In the second set, John Skehan and Tim Carbone, the respective mandolin player and fiddler for Railroad Earth, girded the beautiful Birds of America with delicate interplay, while bassist Andrew Altman anchored their conversation with a funky, pronounced groove. A few minutes later, a raucous rendition of Neal Casal’s Dandelion Wine, punctuated by Carbone’s lascivious fills, signaled the point of no return. After this piece, I observed some of my neighbors moving their feet rhythmically during dead air in between songs. At any show, that’s a tell-tale sign for: “It…Is…On!”
Keith Moseley, String Cheese Incident’s stalwart bassist, sat in with the band for the second set’s penultimate song, laying down the rhythm this time on an electric guitar, while singing a tune he wrote with Sheaffer – Sometimes a River. Moseley switched to lead during a melodic jam, when the constellation of instruments on stage was arranged in perfect harmony. The entire show had all the aural and visual pleasures one would anticipate, but this song even induced the haptic thrill of feeling The Ogden’s floorboards rhythmically expand and contract under the weight of collective satisfaction.
And in that same sense, tension and release was the overarching theme for the third set. During the countdown, female dancers adorned in white, fanned out across the balcony. Two more women danced on stage. The first donned five-foot stilts hidden under a what looked like a Burning Man wedding dress while she spread her diaphanous angelic wings, beautifully illuminated by the stage lights. The other wore a dress that would be equally welcome at Burning Man – a tight ensemble that paired well with a rhythmic style that hybridized belly-dancing and Deadhead willow-swaying.

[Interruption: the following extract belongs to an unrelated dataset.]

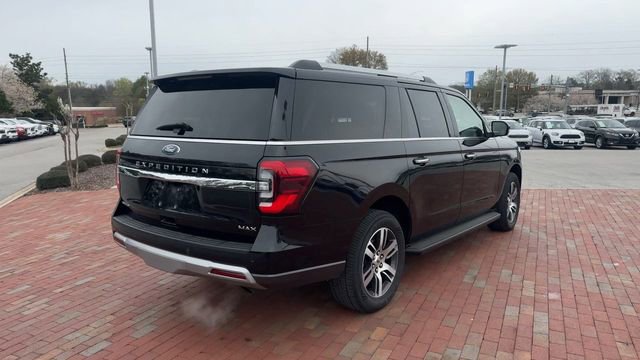 Used 2024 Ford Expedition Max Limited RWD image 2
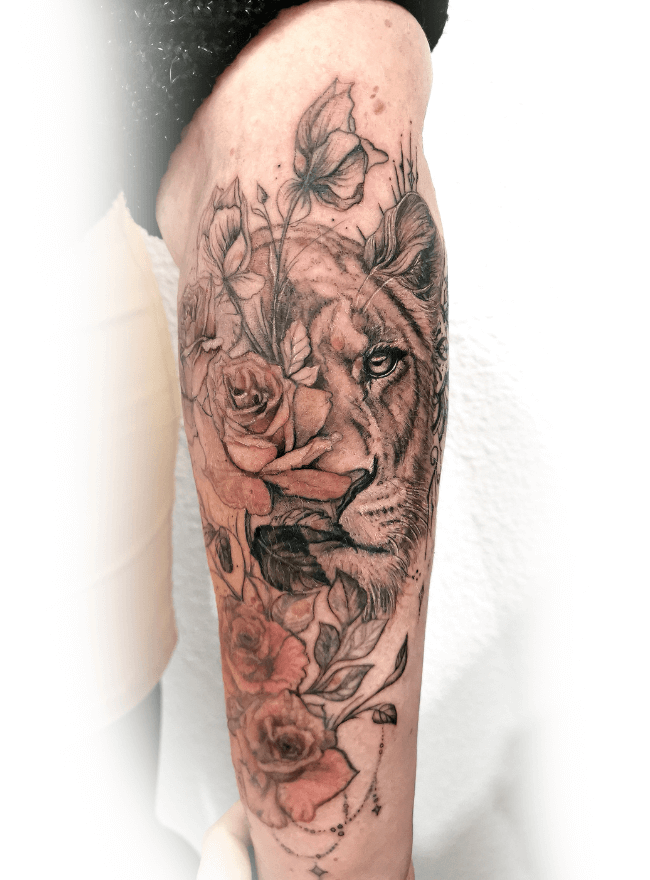 lionne avec roses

The band, all decked out in pseudo-Mayan headdresses, started the third set at about 11:50 p.m. with a downright nasty jam. Andy Goessling, the band’s multi-instrumentalist, drove to funktown on his saxophone while the aforementioned dancers intensified the mood. At a couple of minutes to midnight, a crotchety looking man with a gnarled visage and white beard came on stage. He was the embodiment of Kukulkan, the Mayan snake deity. He wore a farrago of feathers and gripped a walking stick around which a (stuffed toy) snake was wrapped. Just like the headdresses and set pieces, this was all kitschy fun.
“From all ends there are beginnings,” he announced. “2012 is almost here. Let the new cycle begin.” The countdown ensued and as the clock struck midnight, the band brought their initial jam to a conclusion while hugs and kisses were exchanged.
A minute and a half later, they dove into a cover of Frank Zappa’s Son of Mr. Green Genes and the third set took off. Tension built throughout the first half of this, the longest, set, with an eerie, textured version of Spring-Heeled Jack. The extreme dissonance created in the jam was never truly resolved until about half an hour, and a few songs, later, during Warhead Boogie. This brings me back to the beginning of the review. As I already said, the release provided by this song left me with nothing to do but jump toward the heavens. To say the crowd on the floor “boogied” would be a vast understatement. We welcomed in the New Year as seraphim, fluttering about as fast as we could, happy to be in a musical cathedral and sonically in tune with our higher power.
The show ended with a triptych of encore songs that really embodied, and yet fought against, the Mayan notion of the earth’s destruction in 2012. Hard Livin’ is where we are, but, as George Harrison would tell us, All Things Must Pass. Eventually, we all hope to “sing with the heavens in harmony”, wishing for Peace on Earth. Every time I see Railroad Earth, they outdo themselves and NYE 2011 was no exception. Visually, musically, and thematically, this superlative band planted a memory that, if I am lucky, will still be available not only ten years hence, but a long ways down the line.